Preston was born in Weed, California, in 1912, and graduated from high school in Tulare, California, in 1931. After attending Saint Mary's College of California, he entered the United States Military Academy, graduating June 12, 1937.

==Military career==

Preston completed flying school at Kelly Field, Texas, in October 1938, and then served in various squadron positions before he was assigned as commander of the 62nd Bombardment Squadron at Davis-Monthan Field, Arizona, in 1941. He later became deputy group commander of the 34th Bombardment Group there.

In June 1942, Preston was transferred to Gowen Field, Idaho, and served as deputy group commander of the 34th Bombardment Group and then as deputy commander of the 29th Bombardment Group. In January 1943, he became commander of the 379th Bombardment Group at Wendover Field, Utah. He took the 379th to Europe in early 1943 and flew 45 combat missions in the B-17 Flying Fortress. He participated in the now-historic Schweinfurt raids, leading the second one on April 13, 1944. He commanded the 41st Bombardment Wing from October 1944 until May 1945, when he returned to the United States. Preston was then assigned as base commander of the 231st Army Air Force Base Unit at Alamogordo, New Mexico.

Preston enrolled as a student at the Air Command and Staff School, Maxwell Field, Alabama, in August 1946, and upon graduating in June 1947, became the chief, Inter-American Security Branch and Military Coordinating Committee, of the Permanent Joint Board of Defense Canada and United States, Washington, D.C. He later joined the Plans Division of Air Force Headquarters in Washington, D.C.

Going overseas in 1949, Preston was appointed deputy commander for Plans and Operations of the U.S. Northeastern Command, with duty station at St. John's, Newfoundland. Assigned to the Strategic Air Command in March 1952, he became commander of the 308th Bombardment Wing (Medium) at Hunter Air Force Base, Georgia. In January 1954 he assumed command of the Strategic Air Command's 4th Air Division at Barksdale Air Force Base, Louisiana.

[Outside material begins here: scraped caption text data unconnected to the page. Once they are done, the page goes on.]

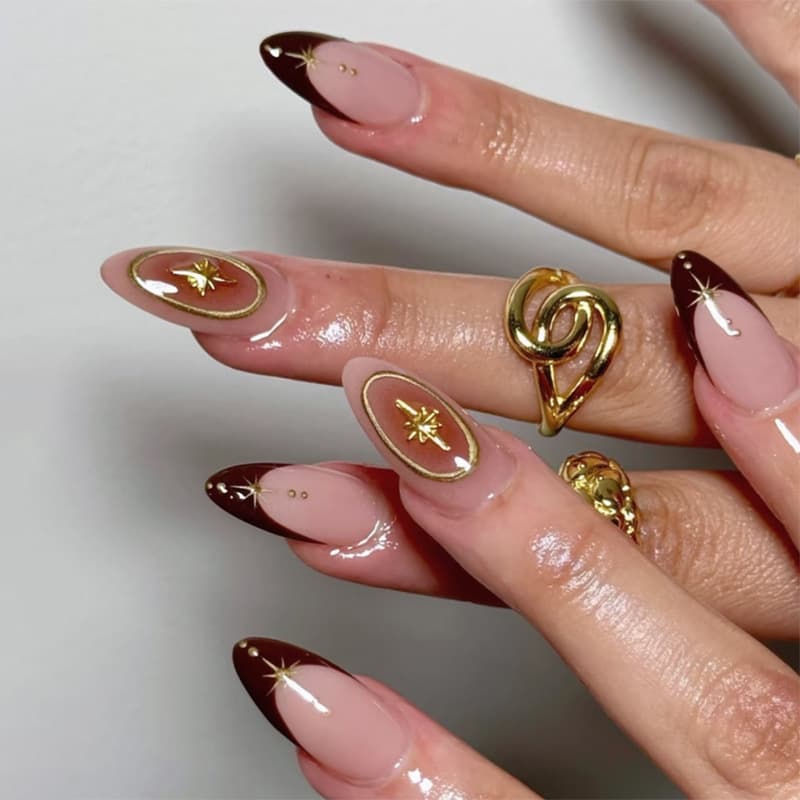 3D Gold Foil French Brown Short Almond Press-On Nails, Wearable Fake Nails, Nail Tips Wholesale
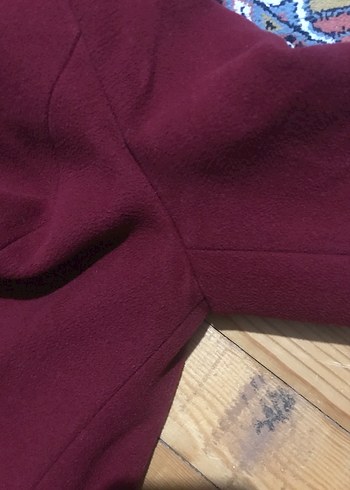 Kaşe kaban bordo - Görsel 6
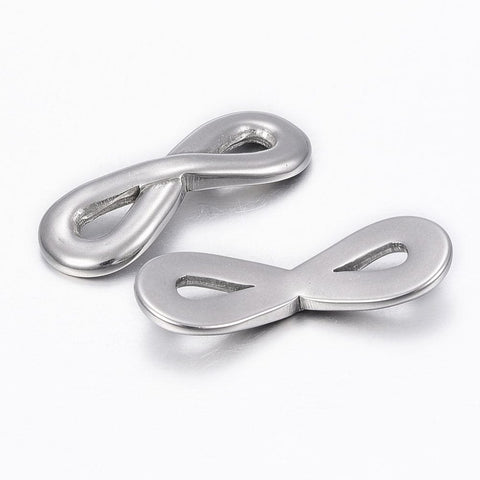 (SL4768) 304 Stainless Steel Links, Infinity, 28mm long (2 PCS) 304 Stainless Steel Links, Infinity, Stainless Steel Color Size: about 28mm long, 11mm wide, 2mm thick, hole: 5x3mm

Reassigned to Air Force Headquarters, Washington, D.C., in May 1956, Preston was named deputy director of operations in the Office of the Deputy Chief of Staff/Operations. He assumed the position of director of operations in August 1957. In 1958, [2] Preston assisted his former hometown in obtaining on loan a B-17G then stationed at Eglin AFB for permanent display as a tribute to its past. Preston flew the aircraft from Davis Monthan AFB in Tucson, Az, to Castle AFB in Atwater, CA. He then flew reporters on an aerial tour of his former hometown then landed in nearby Visalia. Because was still in the USAF he was not allowed to land on the short Tulare runway, and had to turn the controls over to another pilot for the August 4, 1958 landing. On July 25, 1960, he became commander of the Tactical Air Command's Nineteenth Air Force, often termed "the suitcase Air Force" because of its ability to move instantly anywhere in the world as the command nucleus and planning elements of the Tactical Air Command's Composite Air Strike Force. He became commander, U.S. Forces Japan and commander, Fifth Air Force, in August 1963, and in August 1966 he assumed command of United States Air Forces in Europe.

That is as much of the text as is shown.